I'm trying to understand the result of PCA, thought you can help me to understand better.
us.pca1 <- prcomp(USArrests)
us.pca1$sdev
[1] 83.732400 14.212402 6.489426 2.482790
Here I see the standard deviation for the variables Murder, Assault, UrbanPop and Rape are 83, 14, 6 and 2 respectively. But when I use the scale=T option I'm getting different SD.
us.pca2 <- prcomp(USArrests,scale=T)
us.pca2$sdev
[1] 1.5748783 0.9948694 0.5971291 0.4164494
From the Help, I know that scale=T is used, so that variables should be scaled to have unit variance before the analysis takes place. But does this actually means???

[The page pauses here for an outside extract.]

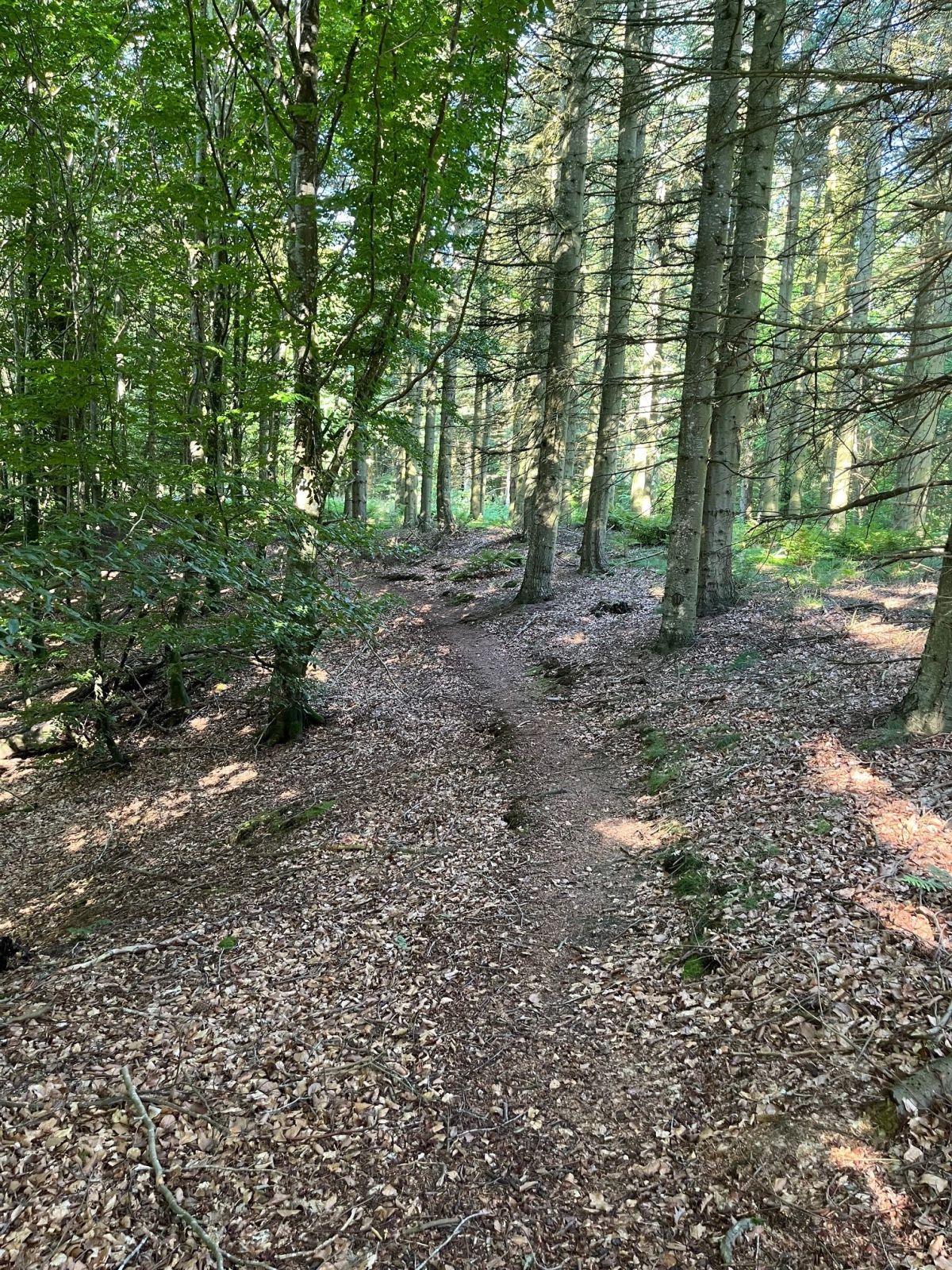 Ruten der snor sig i skoven.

By the way, if I want to calculate SD in usual way, I'm getting different result.
sd(USArrests$Murder)
[1] 4.35551
Can someone help me what are these three different SD indicates!
Another question regarding the actual result in $roration matrix.
us.pca2$rotation
PC1 PC2 PC3 PC4
Murder -0.5358995 0.4181809 -0.3412327 0.64922780
Assault -0.5831836 0.1879856 -0.2681484 -0.74340748
UrbanPop -0.2781909 -0.8728062 -0.3780158 0.13387773
Rape -0.5434321 -0.1673186 0.8177779 0.08902432
Are these Eigenvalues or some percentage? What should I conclude from this result? Any help or link for further reading will be appreciated.
Best Answer
1. What is scaling
Scaling refers to techniques such as standardization and normalization which change the scale of your data. In this case, it specifically refers to standardization. More specifically, it sounds like Z-score scaling.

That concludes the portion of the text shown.